**What you need to do:** Retype word for word the stretch of entries below from the line that has "Winters 007 Wide" through the line that has "Living Stone Plant", and omit the pictures.

**Input material:**
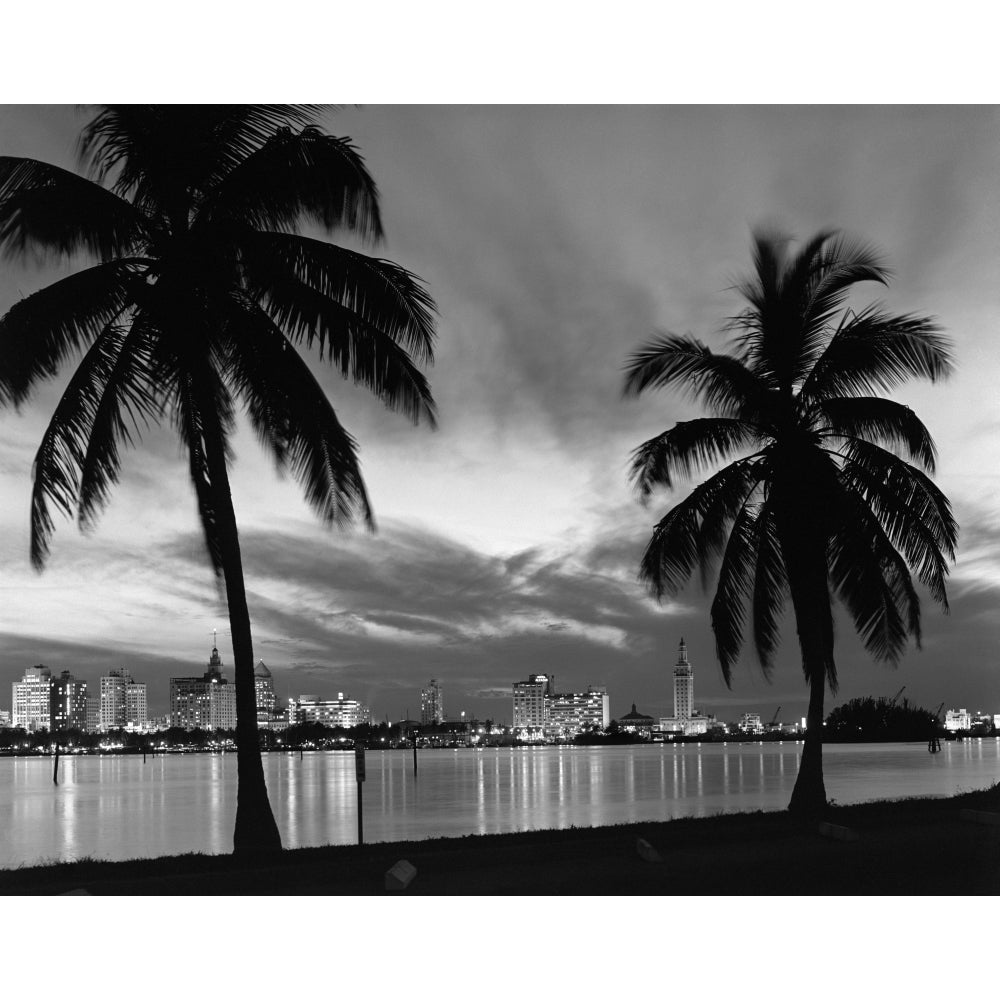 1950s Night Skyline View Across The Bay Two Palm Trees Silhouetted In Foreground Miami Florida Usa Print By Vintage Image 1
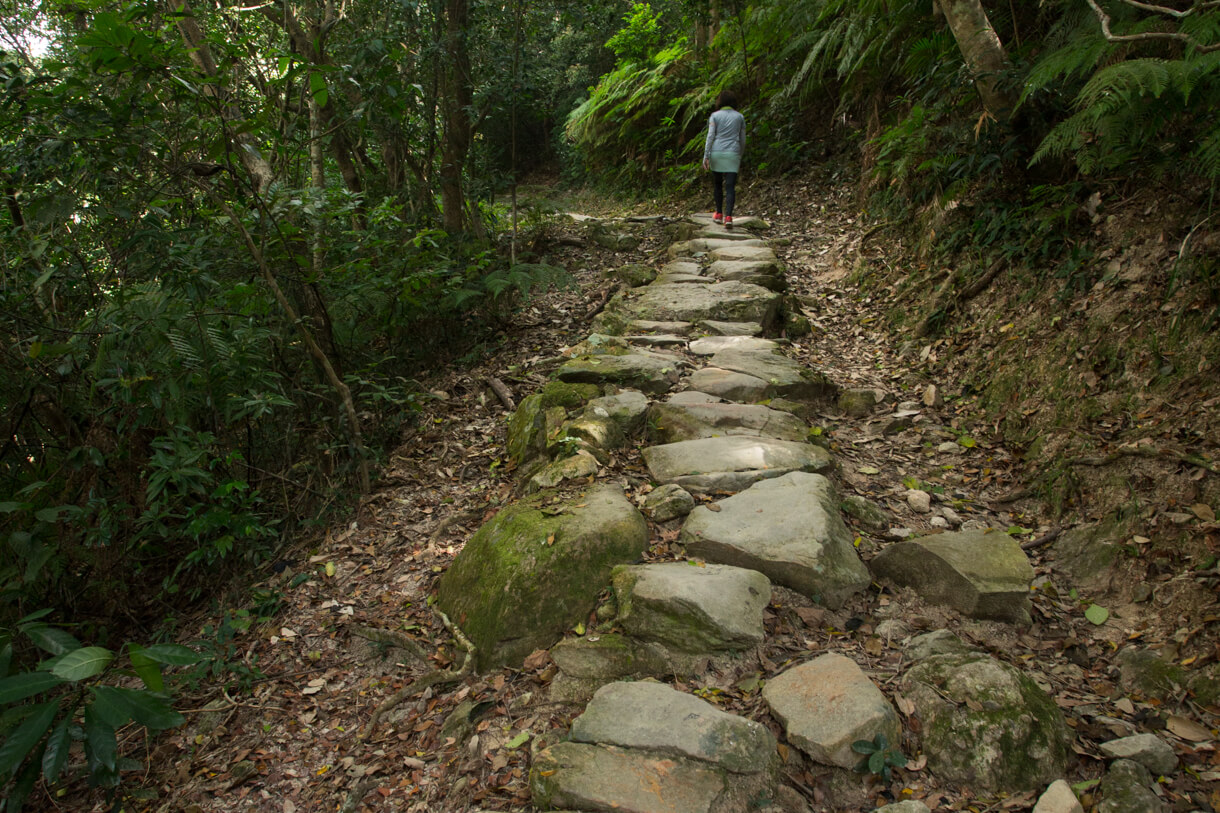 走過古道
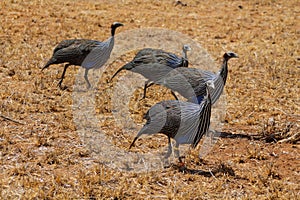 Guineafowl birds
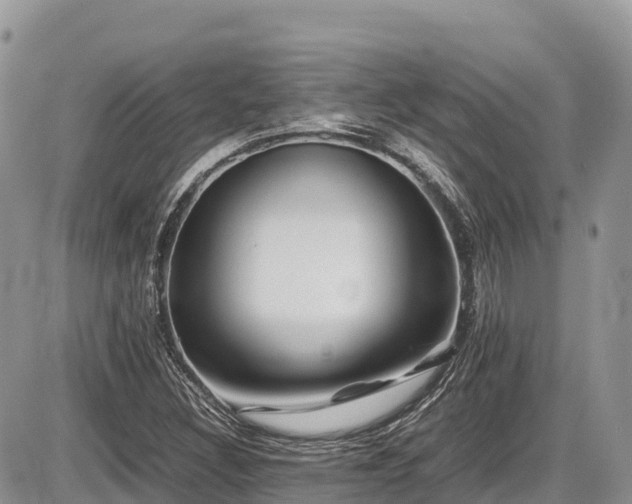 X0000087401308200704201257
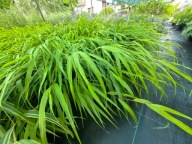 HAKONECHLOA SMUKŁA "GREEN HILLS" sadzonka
...
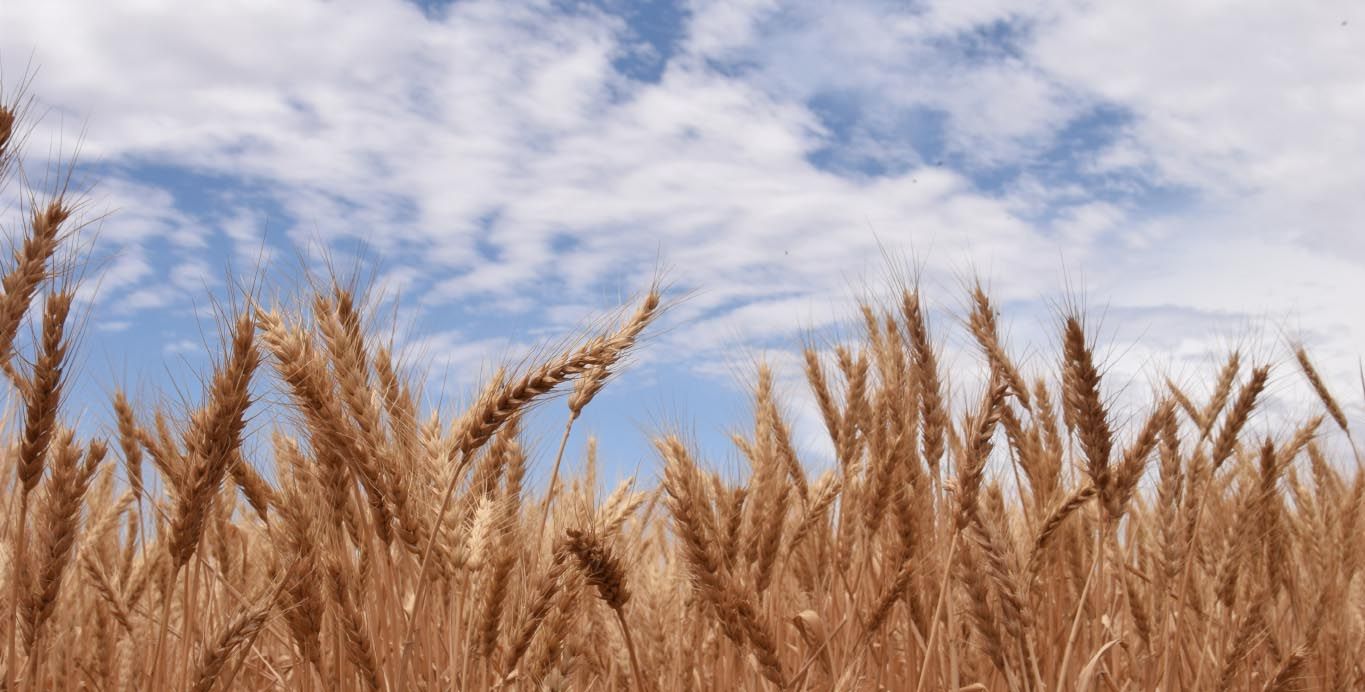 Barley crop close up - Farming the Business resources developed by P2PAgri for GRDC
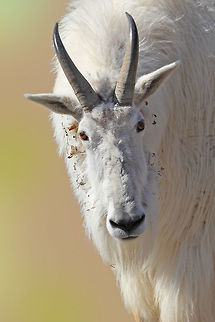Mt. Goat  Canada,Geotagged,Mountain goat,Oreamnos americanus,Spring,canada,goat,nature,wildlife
* * *
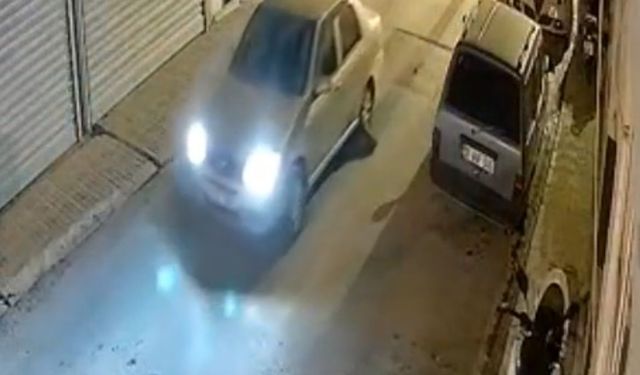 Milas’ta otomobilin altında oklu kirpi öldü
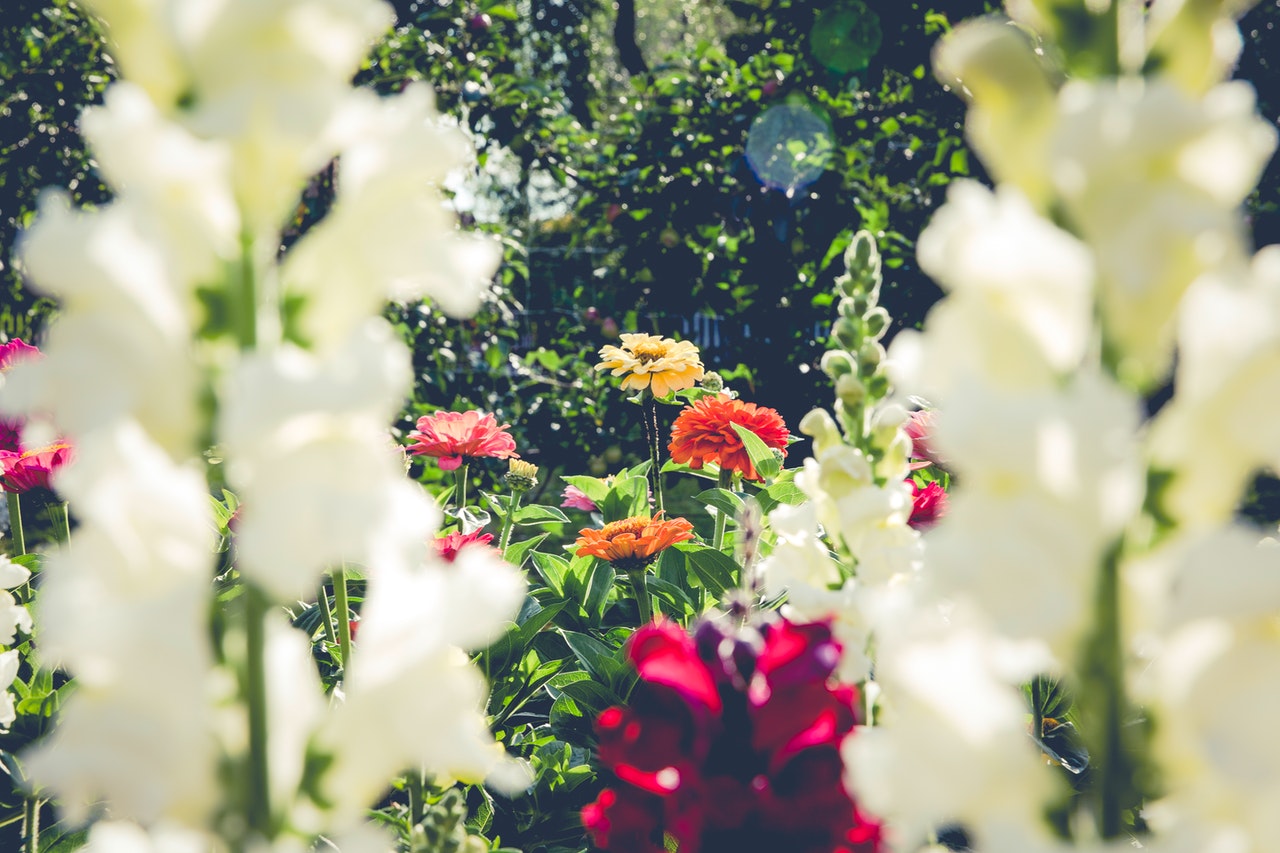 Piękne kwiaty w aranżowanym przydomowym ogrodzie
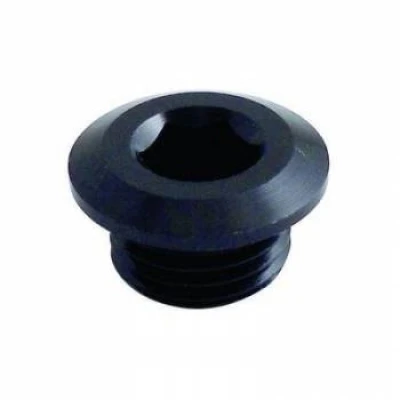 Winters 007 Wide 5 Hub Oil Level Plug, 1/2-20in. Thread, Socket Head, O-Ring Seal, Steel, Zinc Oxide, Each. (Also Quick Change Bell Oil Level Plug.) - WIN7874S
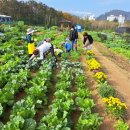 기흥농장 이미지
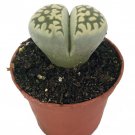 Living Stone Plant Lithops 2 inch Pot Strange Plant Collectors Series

**Response area:**
 Winters 007 Wide 5 Hub Oil Level Plug, 1/2-20in. Thread, Socket Head, O-Ring Seal, Steel, Zinc Oxide, Each. (Also Quick Change Bell Oil Level Plug.) - WIN7874S
 기흥농장 이미지
 Living Stone Plant Lithops 2 inch Pot Strange Plant Collectors Series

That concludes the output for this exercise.